Parasite : la géniale boîte à surprises

Le lauréat de la Palme d'or 2019 : un rare cas de succès public et critique
L’histoire retiendra bien sûr de ce long métrage palmé d’or qu’il est le premier à venir de Corée. Tout comme le fait qu’en remportant quatre Oscar (meilleur film international, meilleur scénario, meilleur réalisateur et meilleur film), son réalisateur, le génial Bong Joon-ho égalisait un record jusque là détenu par Walt Disney!
Mais au-delà de ces reconnaissances cinéphiles, il faut reconnaître qu’il est quasi-impossible de ne pas se laisser séduire par ce diable de film qui refuse de se laisser classer autant qu’il avance sur des chemins connus.
Et pourquoi le film de Bong Joon-ho plaît-il autant partout où il passe? Parce qu’il refuse de choisir et nous convie à un buffet cinéphile irrésistible.

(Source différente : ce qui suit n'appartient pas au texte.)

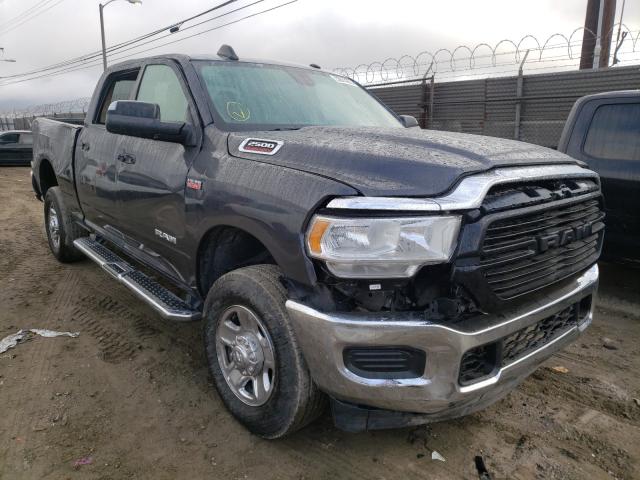 RAM 2500 BIG H 2020 3c6ur5dj7lg139895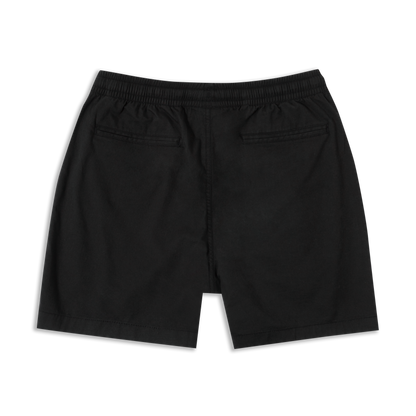 Drawstring Short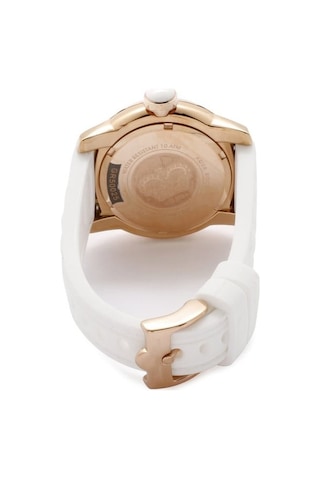 Glam Rock Gr50025 Bayan Kol Saati Rose Gold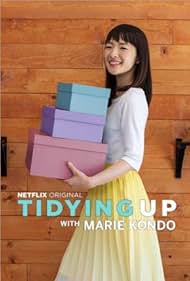 Watch Free Tidying Up with Marie Kondo (2019 )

C’est le propre des films de Bong Joon-ho (Memories of Murder, The Host, Okja…) : toujours se tenir sur une patte et oser les bifurcations les plus folles, sans jamais perdre le fil. Cette fois, ce mouvement dans la trame narrative, tout comme dans l’esthétique, prend comme point de départ un ton de comédie, en débutant au sein d’une famille pauvre dont le père en particulier est un puissant ressort comique. Mais la famille riche, en contrepoint de celle-ci et dans laquelle le fils pauvre parviendra à se faire engager, n’est pas vue avec moins d’humour, voire de caricature.
Oui, on rit devant Parasite, mais jaune, ou même noir.
Car le film lorgne aussi du côté des films de Ken Loach en dépeignant une situation sociale coréenne où règnent les injustices et inégalités, tout autant que du côté d’Une affaire de famille, de Hirokazu Kore-eda, où la débrouillardise et les entourloupes au système deviennent autant de façons de survivre, observées avec chaleur.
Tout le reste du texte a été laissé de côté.